----- DATA FOR REVIEW

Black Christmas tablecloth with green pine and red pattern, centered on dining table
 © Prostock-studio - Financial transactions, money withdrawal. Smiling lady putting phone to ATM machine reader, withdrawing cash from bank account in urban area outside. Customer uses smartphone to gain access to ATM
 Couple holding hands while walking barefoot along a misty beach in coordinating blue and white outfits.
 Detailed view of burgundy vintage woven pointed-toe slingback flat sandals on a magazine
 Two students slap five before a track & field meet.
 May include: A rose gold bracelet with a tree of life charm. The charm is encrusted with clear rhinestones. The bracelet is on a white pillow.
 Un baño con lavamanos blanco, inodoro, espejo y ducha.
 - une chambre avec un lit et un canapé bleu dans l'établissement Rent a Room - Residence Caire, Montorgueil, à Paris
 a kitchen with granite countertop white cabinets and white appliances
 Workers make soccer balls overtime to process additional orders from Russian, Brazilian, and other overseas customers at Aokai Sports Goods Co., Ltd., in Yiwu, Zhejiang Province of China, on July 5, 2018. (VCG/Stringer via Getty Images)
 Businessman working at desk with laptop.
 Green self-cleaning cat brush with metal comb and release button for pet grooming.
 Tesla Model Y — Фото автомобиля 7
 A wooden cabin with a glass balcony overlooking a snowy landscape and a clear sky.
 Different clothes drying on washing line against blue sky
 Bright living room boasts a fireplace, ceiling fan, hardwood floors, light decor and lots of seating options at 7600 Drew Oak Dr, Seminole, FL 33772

----------

## REQUIREMENT:
All of the data above needs to be given again exactly.

## EXERCISE OUTPUT:
Black Christmas tablecloth with green pine and red pattern, centered on dining table
 © Prostock-studio - Financial transactions, money withdrawal. Smiling lady putting phone to ATM machine reader, withdrawing cash from bank account in urban area outside. Customer uses smartphone to gain access to ATM
 Couple holding hands while walking barefoot along a misty beach in coordinating blue and white outfits.
 Detailed view of burgundy vintage woven pointed-toe slingback flat sandals on a magazine
 Two students slap five before a track & field meet.
 May include: A rose gold bracelet with a tree of life charm. The charm is encrusted with clear rhinestones. The bracelet is on a white pillow.
 Un baño con lavamanos blanco, inodoro, espejo y ducha.
 - une chambre avec un lit et un canapé bleu dans l'établissement Rent a Room - Residence Caire, Montorgueil, à Paris
 a kitchen with granite countertop white cabinets and white appliances
 Workers make soccer balls overtime to process additional orders from Russian, Brazilian, and other overseas customers at Aokai Sports Goods Co., Ltd., in Yiwu, Zhejiang Province of China, on July 5, 2018. (VCG/Stringer via Getty Images)
 Businessman working at desk with laptop.
 Green self-cleaning cat brush with metal comb and release button for pet grooming.
 Tesla Model Y — Фото автомобиля 7
 A wooden cabin with a glass balcony overlooking a snowy landscape and a clear sky.
 Different clothes drying on washing line against blue sky
 Bright living room boasts a fireplace, ceiling fan, hardwood floors, light decor and lots of seating options at 7600 Drew Oak Dr, Seminole, FL 33772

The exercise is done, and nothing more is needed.